╭─ DATASET EXCERPT

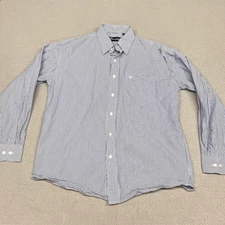 Davidoff Cigars Shirt Mens 44 Blue Striped Cotton Button Down Classic Preppy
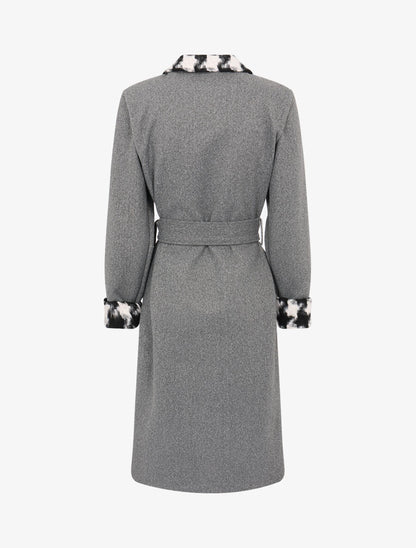Veste longue à revers imprimé pied de poule - Gris chiné - 2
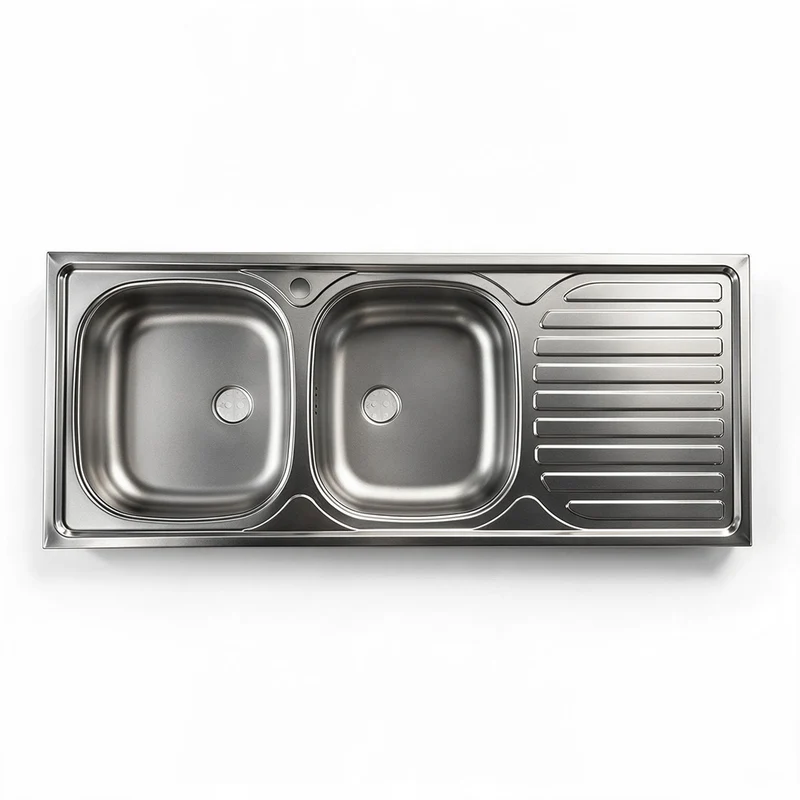 Lavello cucina appoggio doppia vasca gocciolatoio destro 120x50 cm - Samet SA127DX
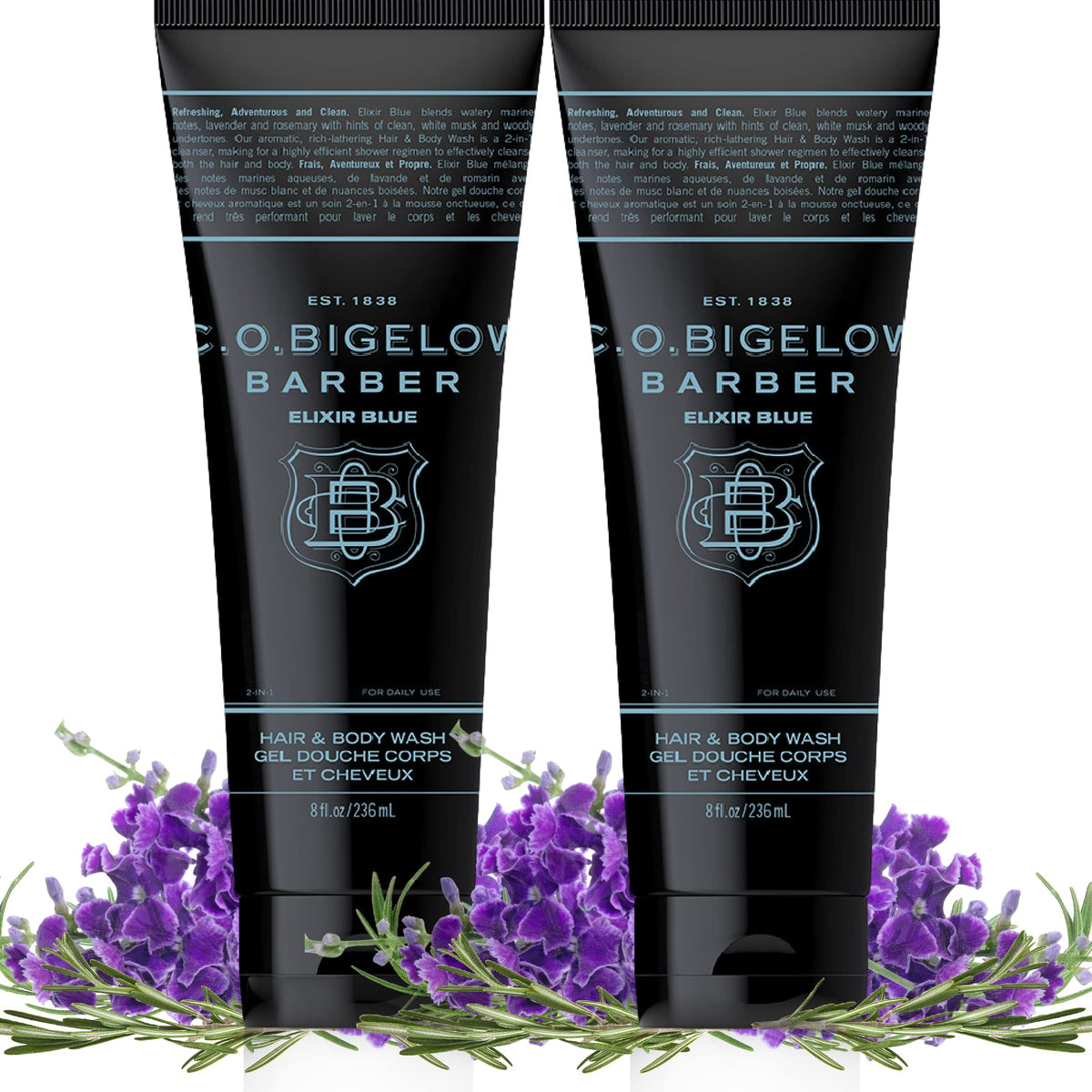 C. O. Bigelow label closeup showing scent notes and ingredient benefits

╰─

## EXERCISE DETAILS
No pictures should appear in the copy. Reproduce exactly the lines from the line containing "Veste longue à" through the last line of the data, inclusive.

## ANSWER TO THIS TASK
Veste longue à revers imprimé pied de poule - Gris chiné - 2
 Lavello cucina appoggio doppia vasca gocciolatoio destro 120x50 cm - Samet SA127DX
 C. O. Bigelow label closeup showing scent notes and ingredient benefits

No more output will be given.